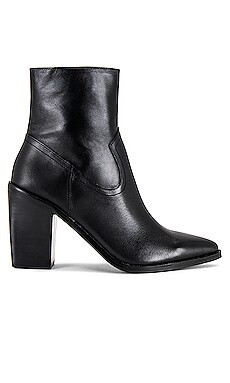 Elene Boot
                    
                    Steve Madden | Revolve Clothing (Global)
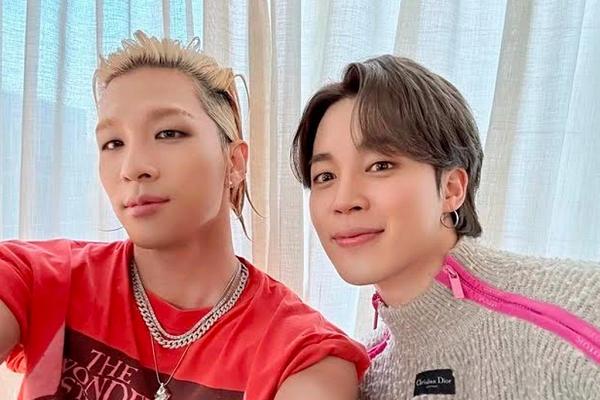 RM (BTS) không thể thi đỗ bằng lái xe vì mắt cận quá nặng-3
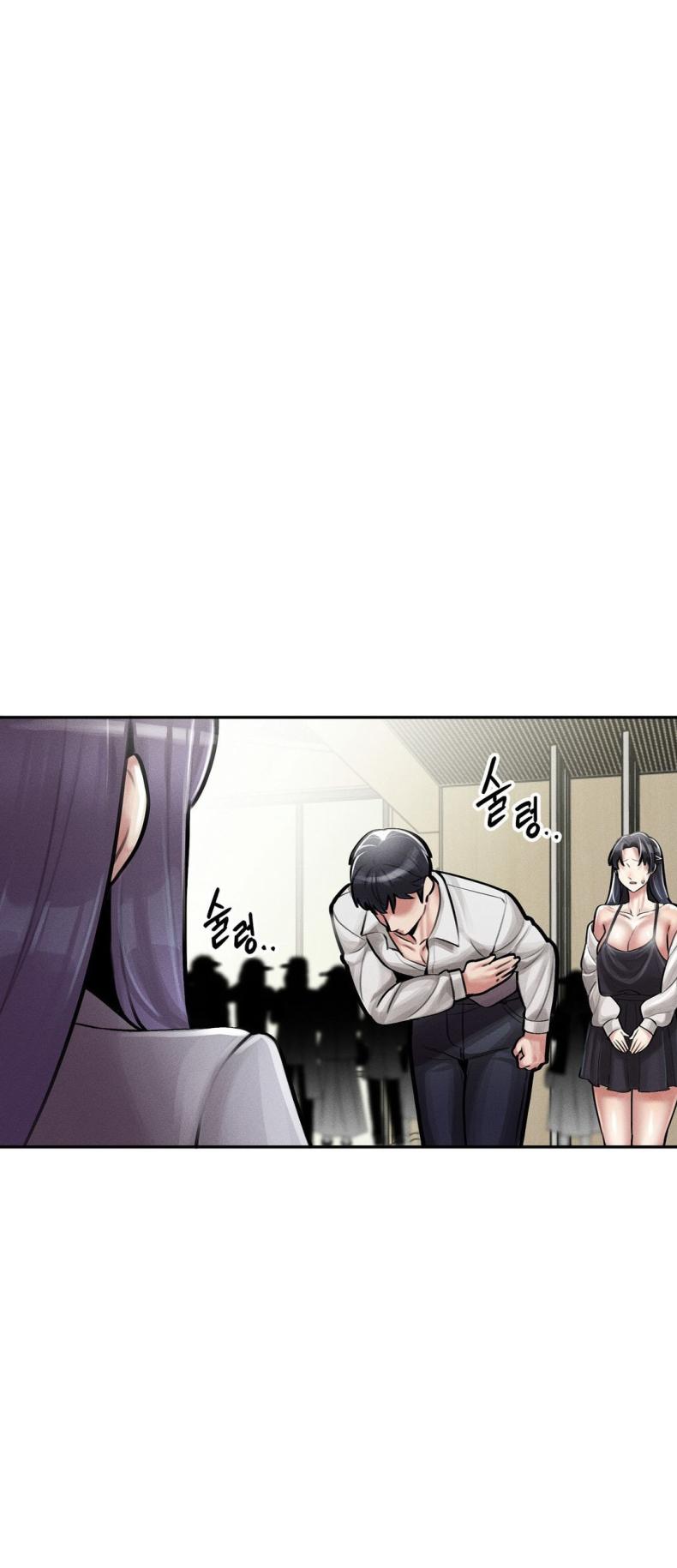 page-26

*-*-*

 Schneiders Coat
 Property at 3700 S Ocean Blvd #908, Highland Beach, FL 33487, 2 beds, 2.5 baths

*-*-*

| WHAT YOU HAVE TO DO |
Print, from the entries above, the line with "Schneiders Coat", the line with "Property at 3700" and all lines between them, exactly and with nothing else.

| RESPONSE TO THIS TASK |
 Schneiders Coat
 Property at 3700 S Ocean Blvd #908, Highland Beach, FL 33487, 2 beds, 2.5 baths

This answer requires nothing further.